Knesset gives initial approval to declaring Eilat, Dead Sea ‘tourist islands’

Bill passes 1st reading; move will enable both locations, which see 30% of country’s tourism, restart operations despite outbreak; visitors will need to have negative virus test

Stuart Winer is a breaking news editor at The Times of Israel.

Empty sun loungers on a beach near the Dead Sea hotel complex, on July 10, 2019. (Gershon Elinson/Flash90)
Illustrative: Empty sun loungers on a beach near the Dead Sea hotel complex, on July 10, 2019. (Gershon Elinson/Flash90)

The Knesset on Monday night passed in its first reading a bill that will enable defining the resort city of Eilat and the Dead Sea hotels complex as special virus-free areas, exempting them from some restrictions that have shuttered hotels and guesthouses across the country due to the ongoing coronavirus outbreak.

Earlier in the day the Ministerial Committee for Legislation approved the bill after the broader cabinet gave its backing to it on Sunday. The bill must pass second and third readings before being signed into law.

Under the terms of the bill the two areas will be declared “special tourist areas,” the Tourism Ministry said in a statement.

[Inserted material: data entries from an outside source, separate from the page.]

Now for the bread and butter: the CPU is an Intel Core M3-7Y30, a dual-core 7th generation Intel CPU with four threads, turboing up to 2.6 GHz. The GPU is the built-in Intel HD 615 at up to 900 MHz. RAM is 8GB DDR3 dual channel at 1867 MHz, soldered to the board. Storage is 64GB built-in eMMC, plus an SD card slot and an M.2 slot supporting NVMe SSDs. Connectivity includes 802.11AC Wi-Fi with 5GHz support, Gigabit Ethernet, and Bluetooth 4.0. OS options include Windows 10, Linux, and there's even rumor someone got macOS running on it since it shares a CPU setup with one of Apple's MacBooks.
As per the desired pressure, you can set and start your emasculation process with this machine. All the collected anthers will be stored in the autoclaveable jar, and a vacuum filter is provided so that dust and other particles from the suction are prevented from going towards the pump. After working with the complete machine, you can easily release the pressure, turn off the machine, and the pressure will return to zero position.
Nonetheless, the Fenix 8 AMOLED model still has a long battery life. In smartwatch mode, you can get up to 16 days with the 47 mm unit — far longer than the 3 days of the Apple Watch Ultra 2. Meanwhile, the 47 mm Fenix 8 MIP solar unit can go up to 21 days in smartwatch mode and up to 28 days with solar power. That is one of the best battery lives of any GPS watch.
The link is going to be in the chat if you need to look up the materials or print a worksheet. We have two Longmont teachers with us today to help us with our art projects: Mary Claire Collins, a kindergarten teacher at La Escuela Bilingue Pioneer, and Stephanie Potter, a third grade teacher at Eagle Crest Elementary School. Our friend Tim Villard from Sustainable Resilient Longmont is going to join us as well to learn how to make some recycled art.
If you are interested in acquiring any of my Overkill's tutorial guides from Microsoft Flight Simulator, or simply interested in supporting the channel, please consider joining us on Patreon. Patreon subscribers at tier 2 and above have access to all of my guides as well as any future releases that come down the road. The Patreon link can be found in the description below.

It called the zones “green tourist islands,” a reference to a government color-coded system used to grade virus infection areas, with red being most-infected and green having the lowest infection rates.

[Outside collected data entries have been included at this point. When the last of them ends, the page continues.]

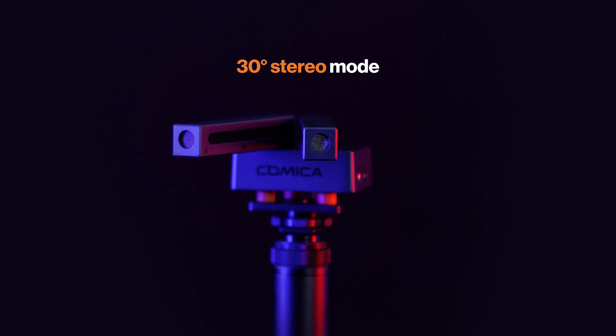Bi-directional mode is also supported. The microphone features full metal construction with superior shielding. A built-in lithium battery is rechargeable through a USB-C cable, which also supports system firmware upgrades.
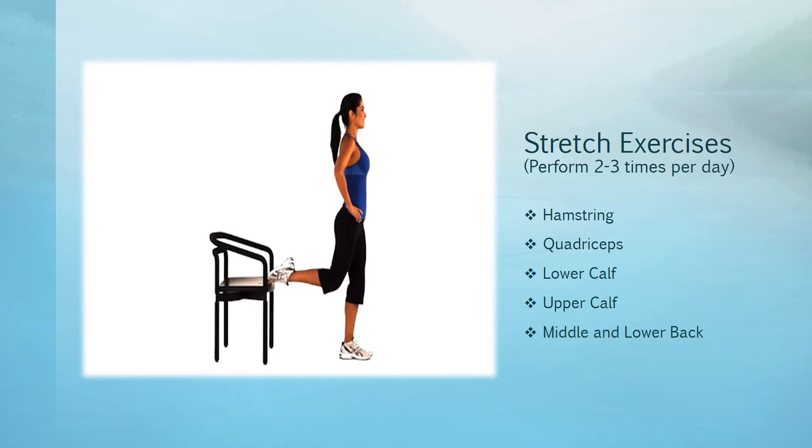Breathe slowly as you stay in the stretch. Hold it for five seconds — no bouncing. Relax for another five seconds, and then repeat each leg three to five times.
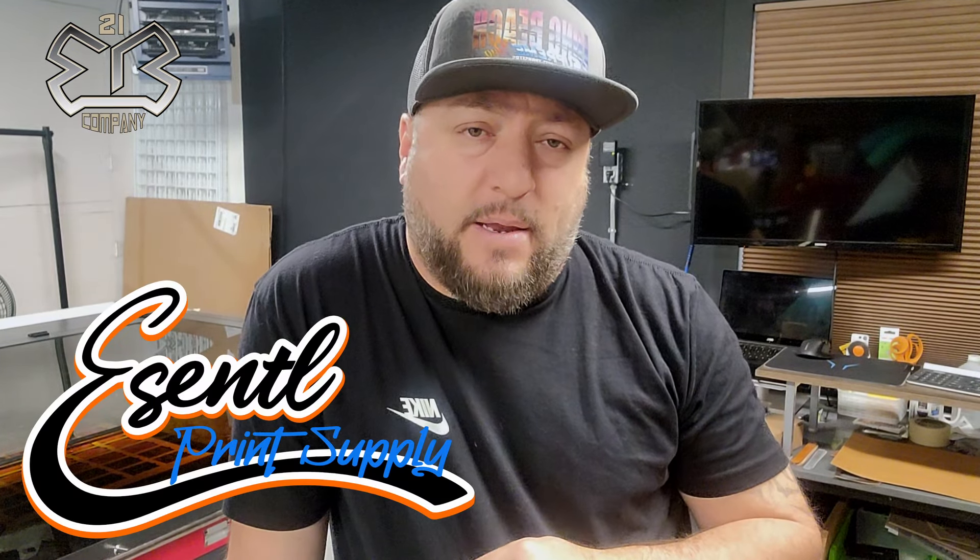I'm trying to present a company where we can supply you guys with what you need patch-wise. If you're into high-end custom patches, hit me up, check out essentialprintsupply.com, get your $10, get registered, and start having some fun. Let me know what you think in the comments about the website, and if you have thoughts about other patch shapes we can add, let me know and I'll put them on the site.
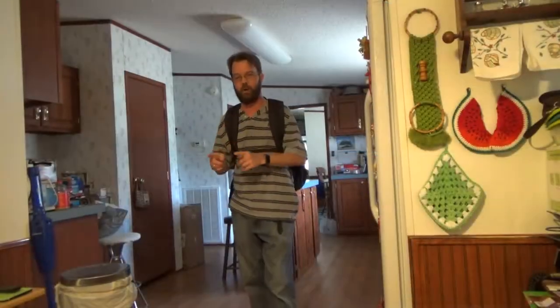All right, guys, so recently I just looked at a smaller bag. Today I'm looking at a larger bag, so I have my larger laptop. Just want to show you.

“The implementation of the decision is expected to reduce unemployment in Eilat and the Dead Sea and is part of a plan to rehabilitate the tourism industry, which has been severely damaged during the coronavirus crisis,” the ministry said.

Entry into the special areas will be conditioned on visitors showing that they have tested negative for the coronavirus in the previous 48 hours.

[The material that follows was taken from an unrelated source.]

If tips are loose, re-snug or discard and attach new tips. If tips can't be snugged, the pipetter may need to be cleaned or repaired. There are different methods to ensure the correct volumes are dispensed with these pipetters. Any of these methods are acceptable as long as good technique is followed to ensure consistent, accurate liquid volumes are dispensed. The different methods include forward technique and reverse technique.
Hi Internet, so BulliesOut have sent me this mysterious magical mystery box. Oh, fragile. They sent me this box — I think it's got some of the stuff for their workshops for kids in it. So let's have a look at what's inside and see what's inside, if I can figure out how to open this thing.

Although the exemptions in the bill only apply to hotels, the ministry said that it aims for further legislation to allow more business in those areas to open for the benefit of hotel guests.

Orit Farkash-Hacohen. (Yanai Yechiel)

“The green tourism islands outline approved by the government is the result of a very complex dialogue with the Health Ministry and a great effort to bring this before the government to get it moving,” Tourism Minister Orit Farkash-Hacohen said in the statement.

Farkash-Hacohen said the plan described in the bill gives “an immediate response” to areas that account for some 30 percent of the country’s tourism industry.

After the committee vote, Justice Minister Avi Nissenkorn tweeted that the bill will “supply oxygen to the city of Eilat and the Dead Sea area.”

The legislation requires “the development of a complex mechanism that can be put into place,” Farkash-Hacohen said and added that her ministry was working with the health and public security ministries, local authorities and virus testing entities to complete the process.

Hotels along the beach in the resort city of Eilat, October 21, 2015. (Moshe Shai/FLASH90)

The Tourism Ministry explained that Eilat and the Dead Sea area rely almost exclusively on tourism and the hotel business and that the rationale behind the bill is based on the special characteristics of both locations.

There is only one highway leading into the southern port city of Eilat, which is otherwise surrounded by desert, and the barren Dead Sea hotel area has no local residential population.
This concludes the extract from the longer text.